__ABOUT THIS TASK__
The data below is to be repeated in full, exactly as shown.

(Crawled caption data)
_ _ _
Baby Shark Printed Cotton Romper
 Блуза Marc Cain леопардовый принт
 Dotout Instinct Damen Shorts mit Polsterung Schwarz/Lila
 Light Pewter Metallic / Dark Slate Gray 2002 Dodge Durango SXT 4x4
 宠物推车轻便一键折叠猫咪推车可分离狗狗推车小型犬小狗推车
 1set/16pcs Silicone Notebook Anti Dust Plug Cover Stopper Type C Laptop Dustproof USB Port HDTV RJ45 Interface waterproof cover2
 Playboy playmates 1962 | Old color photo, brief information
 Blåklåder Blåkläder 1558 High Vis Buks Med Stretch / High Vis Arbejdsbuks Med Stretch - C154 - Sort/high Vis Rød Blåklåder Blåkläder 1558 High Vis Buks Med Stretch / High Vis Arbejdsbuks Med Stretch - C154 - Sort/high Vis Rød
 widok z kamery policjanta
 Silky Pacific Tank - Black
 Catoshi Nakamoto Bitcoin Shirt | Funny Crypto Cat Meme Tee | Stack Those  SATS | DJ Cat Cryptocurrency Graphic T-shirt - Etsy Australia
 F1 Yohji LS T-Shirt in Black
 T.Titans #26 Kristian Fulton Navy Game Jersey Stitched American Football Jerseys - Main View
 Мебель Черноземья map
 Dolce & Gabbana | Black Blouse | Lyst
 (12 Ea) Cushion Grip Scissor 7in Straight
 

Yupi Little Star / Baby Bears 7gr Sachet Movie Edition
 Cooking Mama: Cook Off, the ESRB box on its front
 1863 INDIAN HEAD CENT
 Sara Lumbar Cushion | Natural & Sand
_ _ _
__WORKED SOLUTION__
Baby Shark Printed Cotton Romper
 Блуза Marc Cain леопардовый принт
 Dotout Instinct Damen Shorts mit Polsterung Schwarz/Lila
 Light Pewter Metallic / Dark Slate Gray 2002 Dodge Durango SXT 4x4
 宠物推车轻便一键折叠猫咪推车可分离狗狗推车小型犬小狗推车
 1set/16pcs Silicone Notebook Anti Dust Plug Cover Stopper Type C Laptop Dustproof USB Port HDTV RJ45 Interface waterproof cover2
 Playboy playmates 1962 | Old color photo, brief information
 Blåklåder Blåkläder 1558 High Vis Buks Med Stretch / High Vis Arbejdsbuks Med Stretch - C154 - Sort/high Vis Rød Blåklåder Blåkläder 1558 High Vis Buks Med Stretch / High Vis Arbejdsbuks Med Stretch - C154 - Sort/high Vis Rød
 widok z kamery policjanta
 Silky Pacific Tank - Black
 Catoshi Nakamoto Bitcoin Shirt | Funny Crypto Cat Meme Tee | Stack Those  SATS | DJ Cat Cryptocurrency Graphic T-shirt - Etsy Australia
 F1 Yohji LS T-Shirt in Black
 T.Titans #26 Kristian Fulton Navy Game Jersey Stitched American Football Jerseys - Main View
 Мебель Черноземья map
 Dolce & Gabbana | Black Blouse | Lyst
 (12 Ea) Cushion Grip Scissor 7in Straight
 

Yupi Little Star / Baby Bears 7gr Sachet Movie Edition
 Cooking Mama: Cook Off, the ESRB box on its front
 1863 INDIAN HEAD CENT
 Sara Lumbar Cushion | Natural & Sand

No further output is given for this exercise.